### [Required work]
All of the data below must be reproduced word for word, but without its images.

### [Data extract]
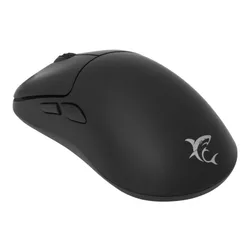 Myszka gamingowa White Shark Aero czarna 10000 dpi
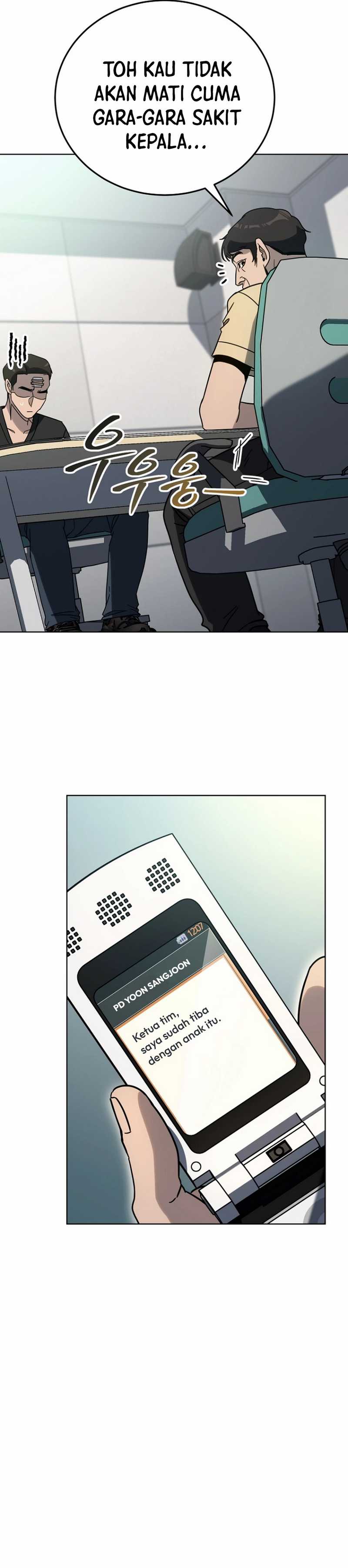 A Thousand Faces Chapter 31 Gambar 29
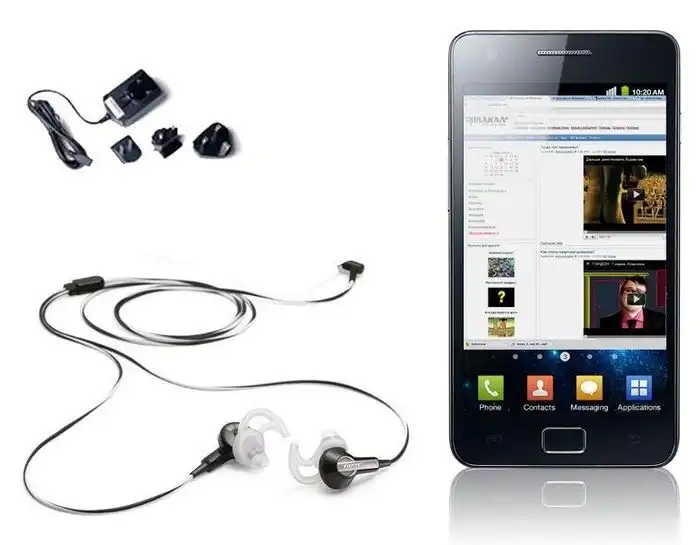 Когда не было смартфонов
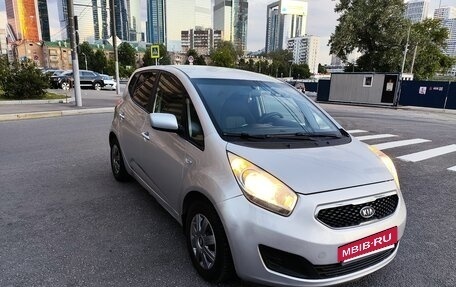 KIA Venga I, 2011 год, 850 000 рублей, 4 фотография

### [Output below]
 Myszka gamingowa White Shark Aero czarna 10000 dpi
 A Thousand Faces Chapter 31 Gambar 29
 Когда не было смартфонов
 KIA Venga I, 2011 год, 850 000 рублей, 4 фотография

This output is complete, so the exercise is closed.